> WHAT NEEDS TO BE DONE:
In the entries below, begin at the line that has "Robe longue &eacute;vas&eacute;e" and stop after the line that has "Elegant Birthstone Crystal"; output those lines exactly, leaving out pictures.

> DATASET EXTRACT:
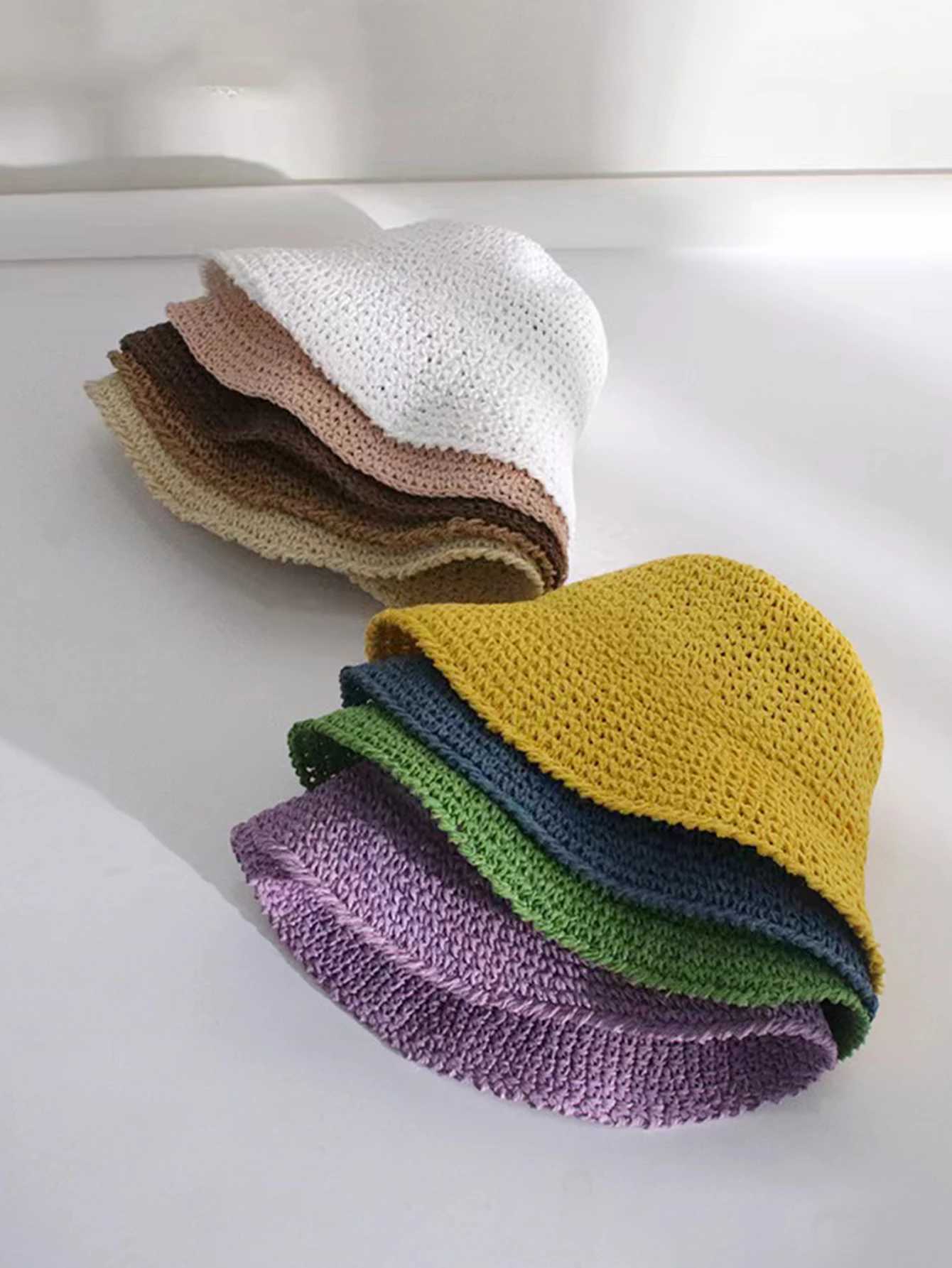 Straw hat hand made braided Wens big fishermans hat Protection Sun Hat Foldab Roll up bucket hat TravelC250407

--

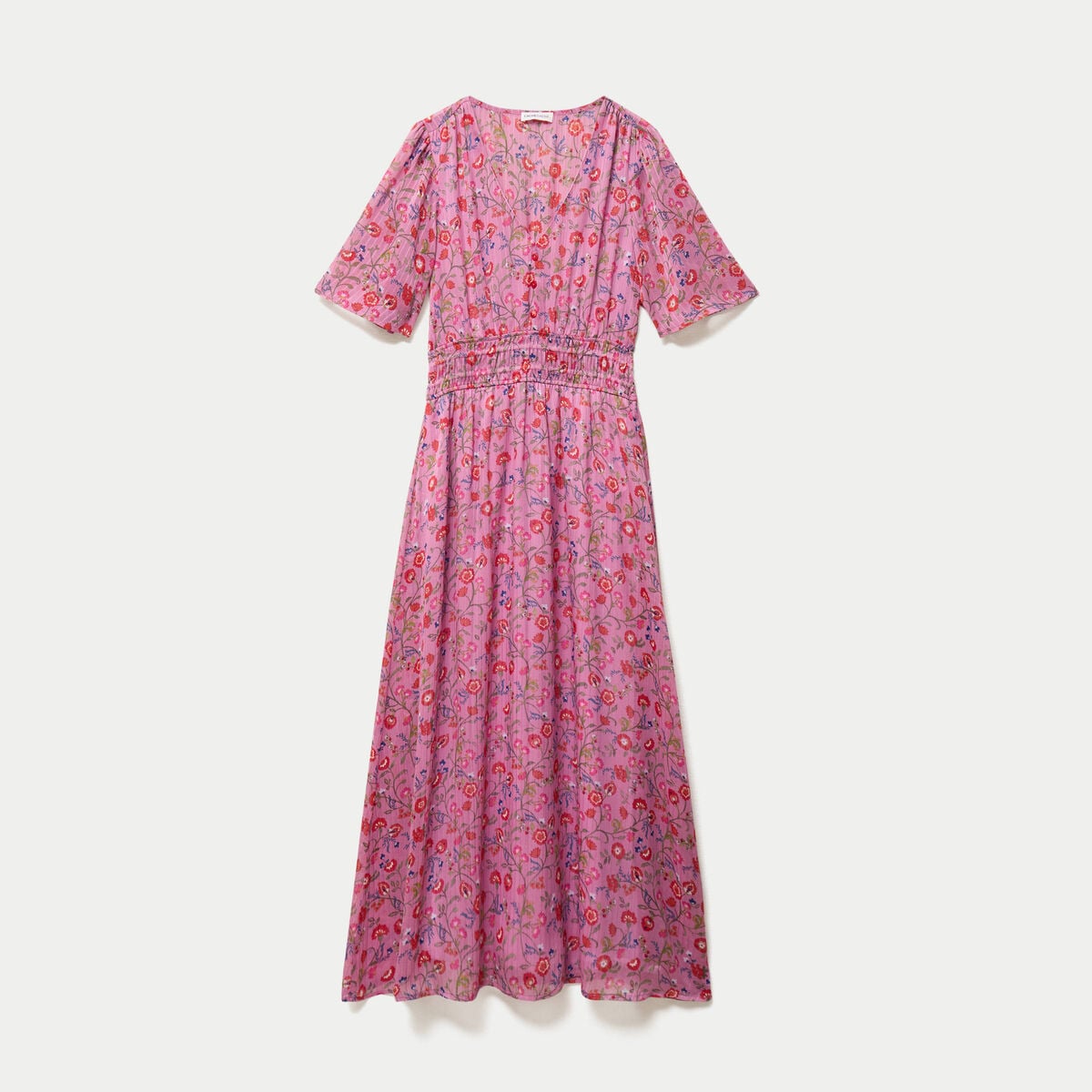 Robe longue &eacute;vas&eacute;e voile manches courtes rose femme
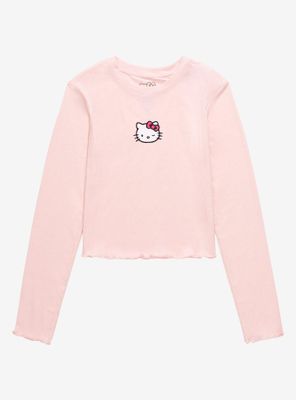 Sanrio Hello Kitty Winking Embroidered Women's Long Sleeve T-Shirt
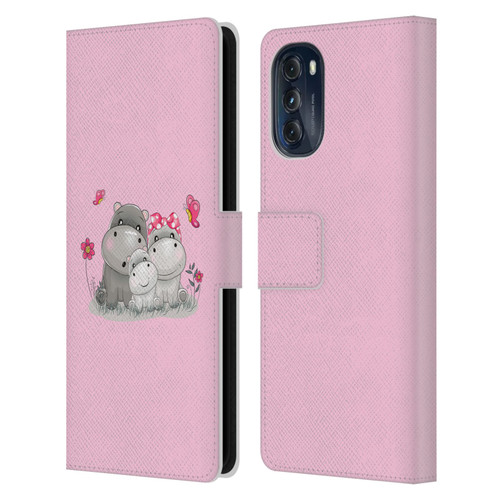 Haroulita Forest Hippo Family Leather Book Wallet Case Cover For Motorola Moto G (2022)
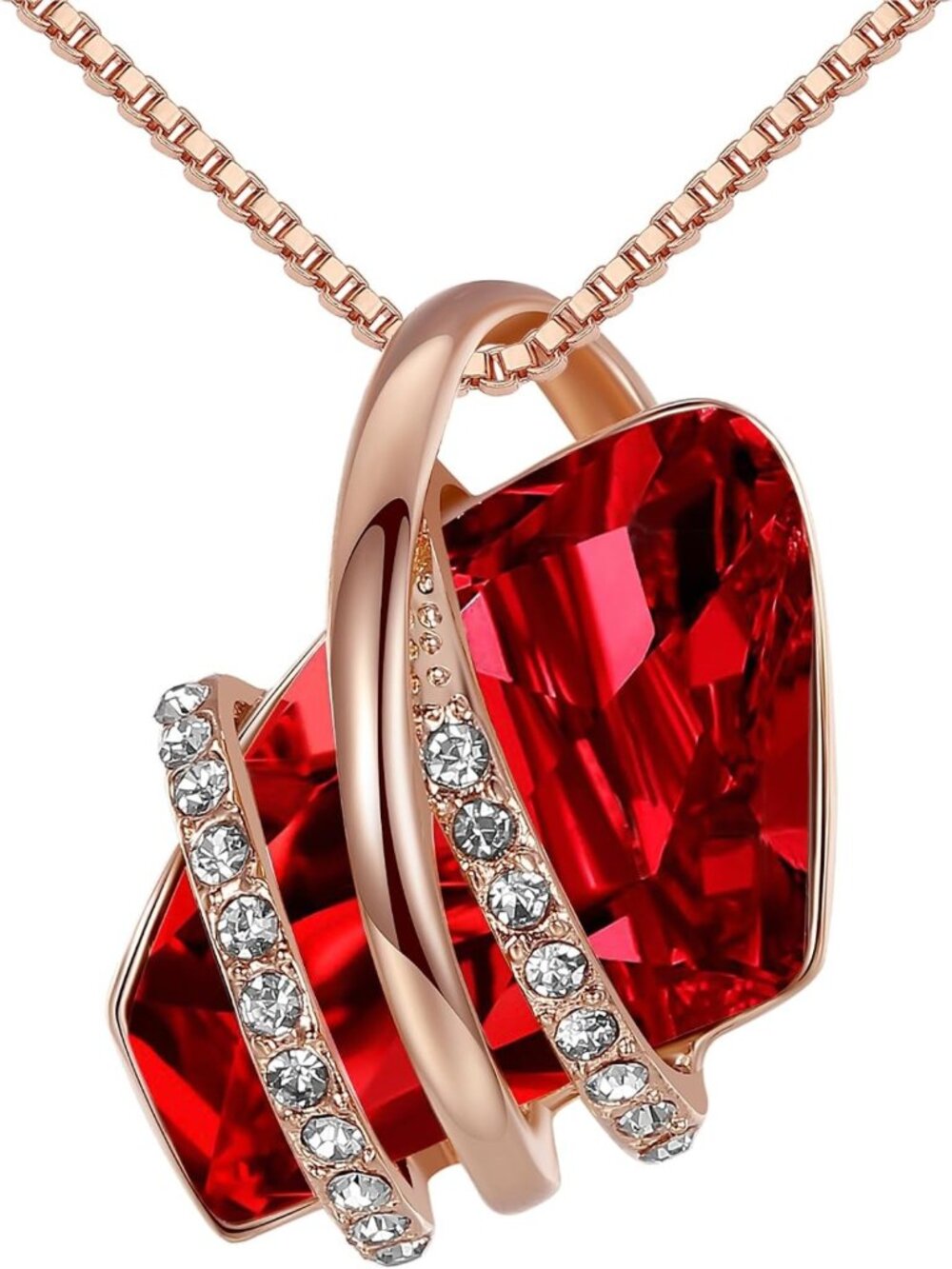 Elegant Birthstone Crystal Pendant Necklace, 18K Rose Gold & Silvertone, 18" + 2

---

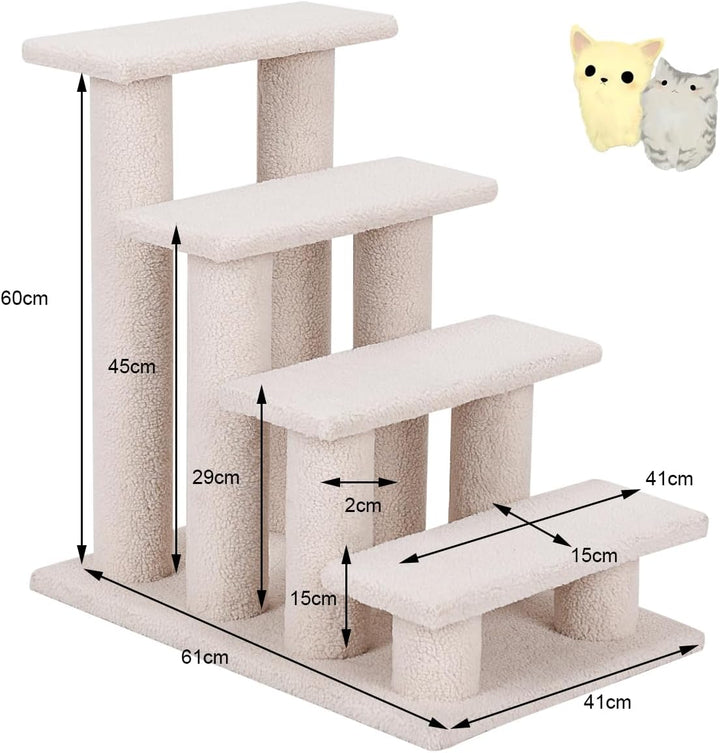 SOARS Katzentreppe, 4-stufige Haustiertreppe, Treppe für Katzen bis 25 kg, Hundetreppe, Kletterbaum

> COMPLETED TASK:
 Robe longue &eacute;vas&eacute;e voile manches courtes rose femme
 Sanrio Hello Kitty Winking Embroidered Women's Long Sleeve T-Shirt
 Haroulita Forest Hippo Family Leather Book Wallet Case Cover For Motorola Moto G (2022)
 Elegant Birthstone Crystal Pendant Necklace, 18K Rose Gold & Silvertone, 18" + 2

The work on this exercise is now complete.